I agree with you that normalizating the predicted score to a certain range may help to well reflect the image quality, but it may result in a worse correlation coefficient.

Best, Hanwei

Thank you very much! I also tested the same 9800 images by using Baidu Image Quality Evaluation API. The mean absolute difference value is 21.28 and std is 13.74. The values are normalized to 0~100. It shows a relatively large difference. Do you think the data annotation causes the difference? Or it may have some other reasons? thx

h4nwei commented 4 years ago

d to 0~100. It shows a relatively large difference. Do you think the data annotation causes the dif

Hi KleinXin, I cannot understand the problem. The mean absolute difference value between the BL model and the Baidu Image Quality Evaluation API is 21.28 and std is 13.74? If so, how to relate the difference to data annotation?

KleinXin commented 4 years ago

d to 0~100. It shows a relatively large difference. Do you think the data annotation causes the dif

Hi KleinXin, I cannot understand the problem. The mean absolute difference value between the BL model and the Baidu Image Quality Evaluation API is 21.28 and std is 13.74? If so, how to relate the difference to data annotation?

Yes, I want to know the score of the same image evaluated by different models. So I use SPAQ and Baidu. It seems these two models have a very large difference.

I donot think one model can surpass another such a large score if they are all state of the art models. So I think the only reason is that the data are different.

h4nwei commented 4 years ago

Hi KleinXin,

The zip file can be downloaded at https://pan.baidu.com/s/1JzwZxwSOpIqcc16cOliBVw (code: 8og5).

I think it is reasonable. For the following reasons,

  1. The Baidu IQA API may hard to capture the realistic camera distortions in SPAQ. You can validate it by PLCC and SRCC rather than computing the absolute difference with BL model.
  2. Our models do not normalize the predicted scores to [0, 100], then the normazlization operation may bring some errors. So does Baidu IQA API.
  3. As you mentioned, the BL model was trained on SPAQ only and Baidu IQA API might have a great difference with it.
KleinXin commented 4 years ago

Hi KleinXin,

The zip file can be downloaded at https://pan.baidu.com/s/1JzwZxwSOpIqcc16cOliBVw (code: 8og5).

I think it is reasonable. For the following reasons,

  1. The Baidu IQA API may hard to capture the realistic camera distortions in SPAQ. You can validate it by PLCC and SRCC rather than computing the absolute difference with BL model.
  2. Our models do not normalize the predicted scores to [0, 100], then the normazlization operation may bring some errors. So does Baidu IQA API.
  3. As you mentioned, the BL model was trained on SPAQ only and Baidu IQA API might have a great difference with it.

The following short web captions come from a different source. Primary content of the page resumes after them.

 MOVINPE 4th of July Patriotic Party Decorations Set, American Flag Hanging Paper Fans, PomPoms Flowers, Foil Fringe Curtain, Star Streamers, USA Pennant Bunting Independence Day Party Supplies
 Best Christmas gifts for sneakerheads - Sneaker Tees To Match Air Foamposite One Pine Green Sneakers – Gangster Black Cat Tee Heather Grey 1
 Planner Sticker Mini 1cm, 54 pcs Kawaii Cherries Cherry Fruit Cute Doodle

Thank you very much! I will read your paper again carefully and try to know how to use it according to our requirement.

KleinXin commented 4 years ago

Hi KleinXin,

The zip file can be downloaded at https://pan.baidu.com/s/1JzwZxwSOpIqcc16cOliBVw (code: 8og5).

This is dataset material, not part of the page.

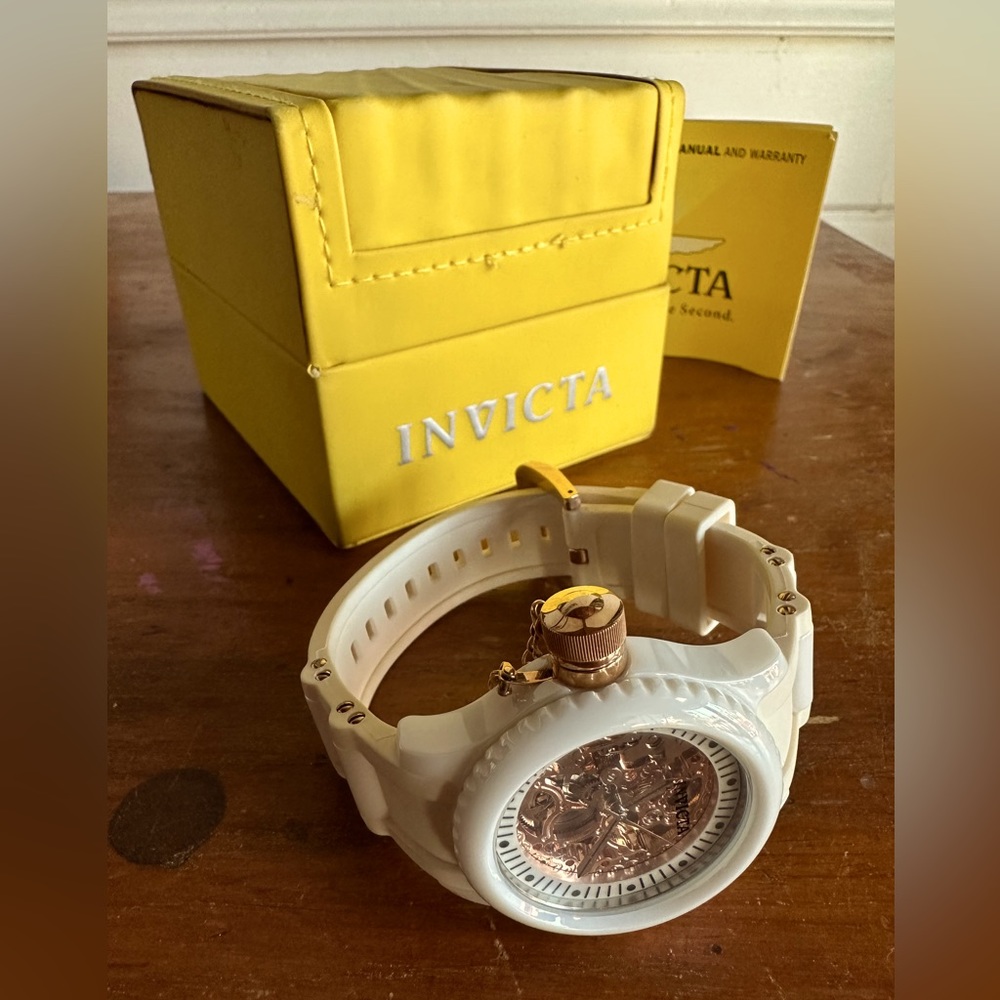 White & rose gold Invicta watch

I think it is reasonable. For the following reasons,

  1. The Baidu IQA API may hard to capture the realistic camera distortions in SPAQ. You can validate it by PLCC and SRCC rather than computing the absolute difference with BL model.
  2. Our models do not normalize the predicted scores to [0, 100], then the normazlization operation may bring some errors. So does Baidu IQA API.
  3. As you mentioned, the BL model was trained on SPAQ only and Baidu IQA API might have a great difference with it.

I carefully read your paper again. In chapter 5.1, where the trainning process of Baseline Model is described, you said that l1-norm is used and ground truth of q is MOS which is a continuous score in [0,100] to represent the overall qulity of image.

I used BL_release.pt model to do the test of 9800 images. All scores I got are around 45, with min-35 and max-60. The score of the blurred image on the top is 45 and I divided it by 100 to normalize values to [0,1]. I donot think that image should got such a high score. In fact, the score of that image from Baidu is 0.0025 after normalizing to [0,1] by dividing 100.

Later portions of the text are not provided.